The second kind of rationing involves the uninsured. The high cost of care means that some employers can’t afford to offer health insurance and still pay a competitive wage. Those high costs mean that individuals can’t buy insurance on their own.

The uninsured still receive some health care, obviously. But they get less care, and worse care, than they need. The Institute of Medicine has estimated that 18,000 people died in 2000 because they lacked insurance. By 2006, the number had risen to 22,000, according to the Urban Institute.

The final form of rationing is the one I described near the beginning of this column: the failure to provide certain types of care, even to people with health insurance. Doctors are generally not paid to do the blocking and tackling of medicine: collaboration, probing conversations with patients, small steps that avoid medical errors. Many doctors still do such things, out of professional pride.
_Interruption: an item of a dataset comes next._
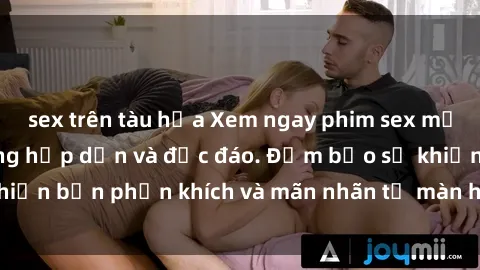 sex trên tàu hỏa Xem ngay phim sex mới nhất, với nội dung hấp dẫn và độc đáo. Đảm bảo sẽ khiến bạn phấn khích và mãn nhãn từ màn hình đến đỉnh cao.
But the full medical system doesn’t do nearly enough.

He’s overlooking another form of rationing that is so common we tend to forget it: the rationing to which even the insured are exposed when their insurer denies coverage for medical procedures or drugs, often unjustifiably.

As always, the real question is not whether there should be rationing, but who should be doing it. Personally, I’m not impressed with the craftsmanship of the invisible hand.

Again, great column. Wouldn’t it be nice if this sort of analysis made its way onto the tube?